S'il a bien existé un personnage originaire de Valff avec la passion dévorante du voyage, c'est bien Joseph LUTZ. L'ébéniste, marié en Suisse puis émigré au Canada, mérite une petite enquête. Qui était-il ? Quelle a été sa vie ? Enquêtons.
C'est dans les classeurs de photos rassemblées par Antoine MULLER dans les années 1980/90 que nous découvrons le visage de Joseph. La légende correspondante sera primordiale pour nos recherches.
Photo de 1891 au centre la chapelle Ste Marguerite, à droite la mairie
Joseph LUTZ nait le 31 janvier 1877 d'un père ouvrier journalier du nom de François-Antoine et de son épouse Catherine Philomène DOTTER. Le 26 mai 1872, Catherine met au monde les jumeaux Thérèse et Joseph.

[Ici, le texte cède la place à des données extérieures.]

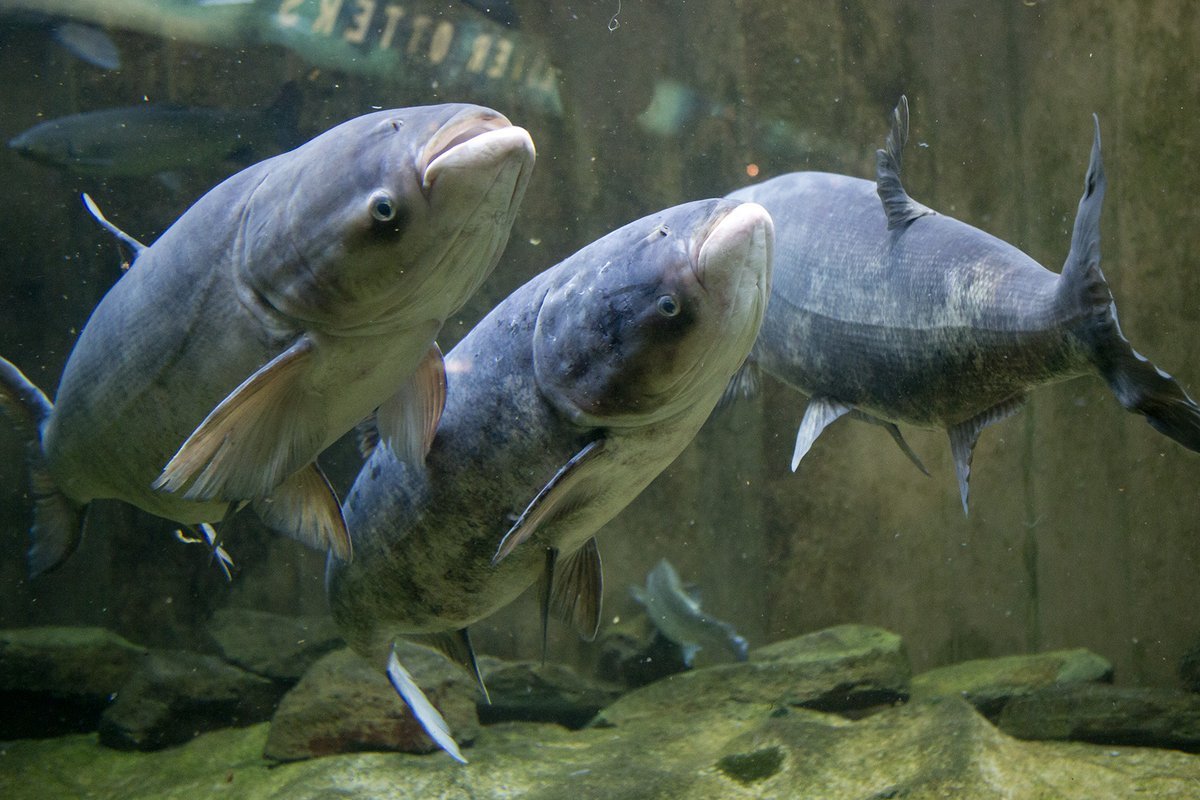 Ловля пестрого толстолобика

Le garçon décèdera deux ans plus-tard. Puis arriva sa sœur Philomène et finalement Joseph. Philomène épousera George BIERO et vivra 92 ans, quant à Thérèse, la jumelle, elle trouvera son bonheur avec Louis MARTIN de Valff.
George BIERO, époux Thérèse
Philomène LUTZ, épouse Martin
La petite famille vivait dans une modeste maison au n°150 de la rue des forgerons.
Mariage
Joseph épouse une fille des montagnes suisses. Il a flashé sur la belle suissesse Elisabeth MEIER-WIRTH de Unter-Embrach. Les amoureux s'uniront dans le charmand villagede Thalwil qui domine le lac de Zurich en 1899. Le couple aura deux enfants en Suisse: Élise, née en Suisse en 1902, et Alphonse, né en 1904.
Émigration
Après avoir vécu quelques temps à Gebwiller, la petite famille décide d'émigrer. Les temps sont durs, une guerre semble s'annoncer. Il leur faut d'abord rejoindre Liverpool ou Londres pour embarquer en direction de la terre de tous les espoirs, ce sera le Canada. Joseph et ses protégés se retrouvent sur le navire à vapeur IONIAN. Le paquebot SS Ionian (1901 - 1917) appartenait à l'Allan Line steamship puis, sous le même nom, à la Canadian Pacific Line en 1917. Il a servira de transport de troupes en 1914. Le 20 octobre 1917, alors qu'il naviguait au large de Milford Haven au Pays de Galles, le navire a heurté une mine posée par un sous-marin allemand et a coulé, entraînant la mort de sept personnes.
Paquebot SS IONIAN
Le voyage
Le voyage jusqu'au Canada durait environ deux semaines. Si cela vous aurait tenté en 1900, il vous coûtait pour :
1. Première classe
- Une place en première classe, le ticket pouvait varier entre 50 £ et 150 £
2. Deuxième classe (intermédiaire)
- Les tarifs pour la deuxième classe se situaient généralement entre 15 £ et 30 £
- Elle offre plus de confort que la troisième classe, avec des cabines partagées
3. Et enfin au fond de cale en troisième classe
- Le passage en troisième classe coûtait environ 3 £ à 6 £ par personne
- C'était la classe la plus abordable, utilisée principalement par les émigrants et les travailleurs. Elle comprenait une couchette basique dans un espace commun et une alimentation simple
- Un ouvrier en France en 1914 gagnait aux environs de 5 à 10 francs par jour. 3 livres Sterling correspondaient à 75 francs. Une traversée revenait donc, pour une personne courageuse, à quelque six semaines de salaire au fond de cale
La compagnie maritime proposait, moyennant quelques suppléments, différentes facilitées comme par exemple :
Des billets à tarifs spéciaux pour le Chemin de fer du Grand Tronc de Chemin de fer Canadien Pacifique pour rejoindre la ville de destination.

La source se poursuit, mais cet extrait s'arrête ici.